Todas estas novedades tan peligrosas se normalizaron y con ello abrieron posibilidades maravillosas a la humanidad. Hubo problemas, por supuesto: los juglares y los cuentacuentos se quedaron sin trabajo, los refectorios medievales dejaron de tener como banda sonora a un monje leyendo y las novelas redujeron el bordado como entretenimiento para las damas. Ninguna tecnología es del todo inocente ni carece de efectos negativos, ni siquiera la escritura, la imprenta o las novelas.
Pero a cambio ganamos mucho más. La sociedad occidental creció alrededor de estas invenciones, que pasaron a formar parte de su misma esencia. Los libros se convirtieron en la principal herramienta educativa y cultural; los periódicos en uno de los puntales clave de los sistemas políticos democráticos. La ciencia y la cultura avanzaron a gigantescos saltos que han mejorado el bienestar de casi todos.

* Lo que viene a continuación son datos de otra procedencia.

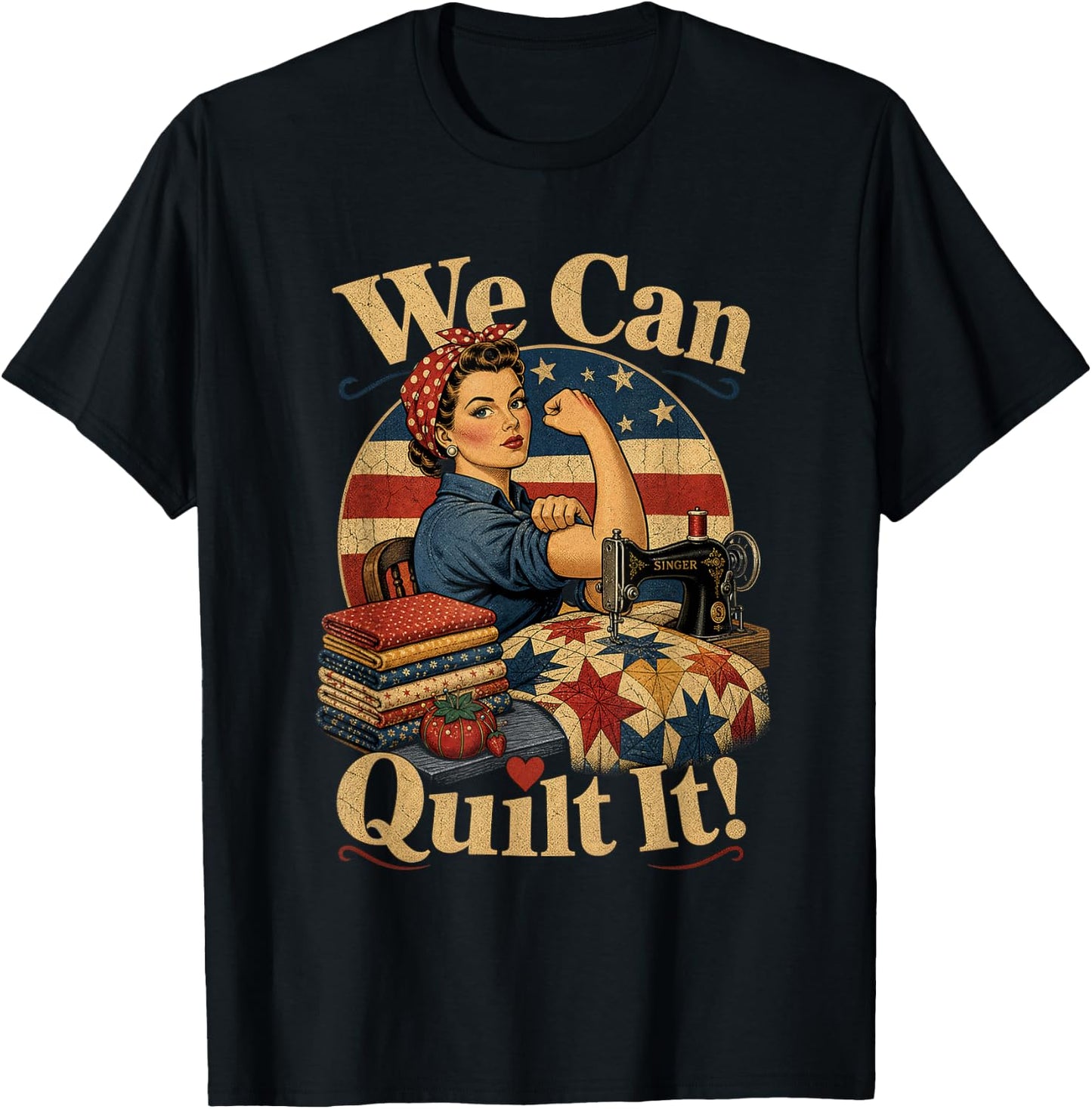 We Can Quilt It Rosie Riveter Quilting Sewing Machine Craft T-Shirt - T-Shirt | Black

Los temores de Platón, San Agustín, Cervantes o los moralistas decimonónicos han resultado infundados: la escritura no roba la mente, la lectura no enloquece ni convierte a la gente en animales desbocados. Igual que supimos dominar estas antiguas tecnologías del conocimiento seremos capaces de domesticar las nuevas.
Los jóvenes ya están usando móviles y redes sociales de un modo diferente al de los adultos, que estos no entienden y por tanto les alarma. Y así es como debe ser, porque así es como ha progresado la humanidad. Siempre con el soniquete de los tecnófobos presagiando catástrofes.